Relatives and residents carry the coffin of a victim from Bacha Khan university after a day an attack by militants in Charsadda on January 21.

Reports that at least two members of staff took up arms against attackers on January 20 at Pakistan's Bacha Khan University have led many in the profession to ask the tough question of whether or not teachers should be armed.

As further details began to emerge of the assault, in which four Islamist militants killed more than 20 people at the university in Pakistan's troubled northwest, many hailed the teachers who resisted the attackers as heroes. Others questioned whether teachers in the country should carry guns, as many do, saying it goes against the profession's ideals.

Hiding on a balcony with 15 of his students as the attackers approached, university director Mohammad Shakil asked Pakistani police below to throw him a gun.

"I was worried about the students, and then one of the militants came after us," Shakil told Reuters. "After repeated requests, the police threw me a pistol and I fired some shots at the terrorists."

Chemistry professor Hamid Hussain also fired at the militants, allowing some of his students to escape, surviving pupils told local media.

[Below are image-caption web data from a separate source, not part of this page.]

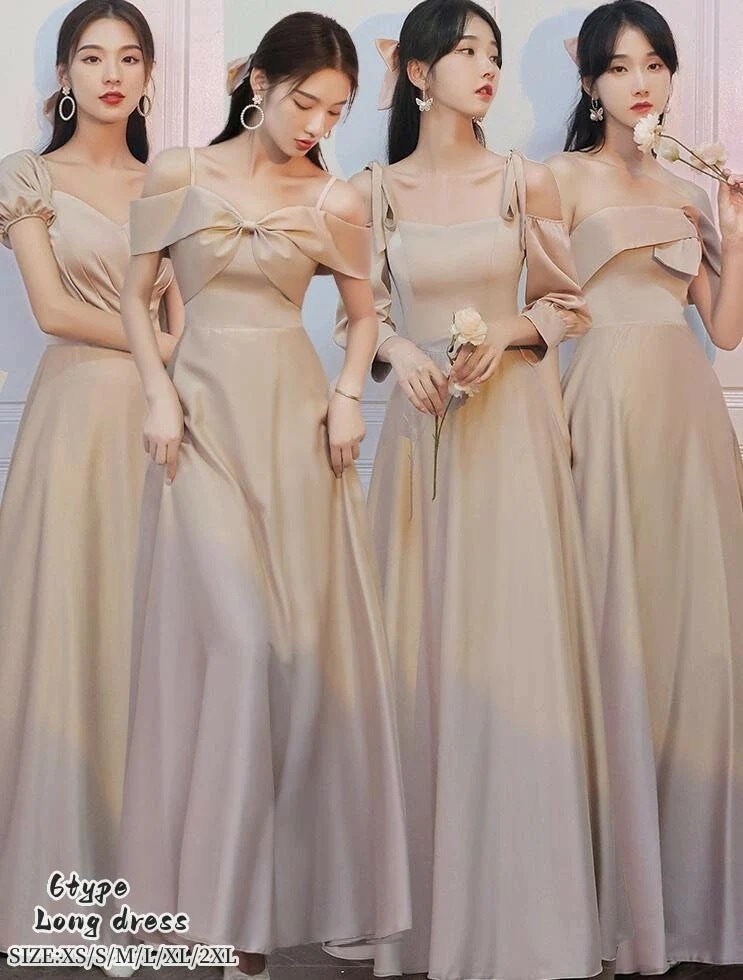 ロングドレス演奏会Longdressブライズメイドドレスウエディングドレスパーティードレス結婚式大きいサイズ上品大人お呼ばれフォーマル発表会披露宴20代30代40代舞台衣装キャバ嬢スパンコールお姫様ド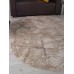 Merinos Ковер Alabama F175 beige Овал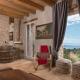 Sinium Luxury Villas, Víngla (foto 5)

Hussain was shot and later died from his wounds.

Many commenters have credited the actions of Hussain and Shakil with helping to prevent the gunmen, armed with assault rifles and hand grenades, from killing more people at Bacha Khan University located in the rural district of Charsadda.

The university had around 50 guards who, according to witness reports, fought the militants for around an hour before police and army reinforcements reached them.

The attack recalled the 2014 massacre of 134 pupils at an army-run school some 19 miles away in Peshawar, after which teachers in Khyber Pakhtunkhwa province, where Peshawar is the capital, were offered weapons training. But some are wary of encouraging teachers to take up arms.

Gun ownership is common in Pakistan, especially in the semi-autonomous tribal belt near the Afghan border where the threat of militant violence runs high.

Jamil Chitrali, president of the Khyber Pakhtunkhwa University Teaching Staff Association, told Reuters it was increasingly common for teachers to carry weapons.

"Arms are against the norms of my profession," he said. "I'm teaching principles and morality in the class. How can I carry a gun?"

The four gunmen involved in Wednesday's attack have all since been killed, according to officials. The provincial government declared Thursday a day of mourning, as grieving families buried their dead and survivors recalled their ordeal.

It is not yet known who was behind the attacks. A senior commander of the Pakistan Taliban, Umar Mansoor, claimed responsibility on Wednesday, but an official spokesman for the group later denied involvement and said the attack was "un-Islamic".

The army said on Thursday that the attack was coordinated from inside Afghanistan, according to its investigations.

An army spokesman said Pakistan's army chief General Raheel Sharif has asked for help from the Afghan President, and the U.S. commander of international forces in Afghanistan, in locating those it holds responsible.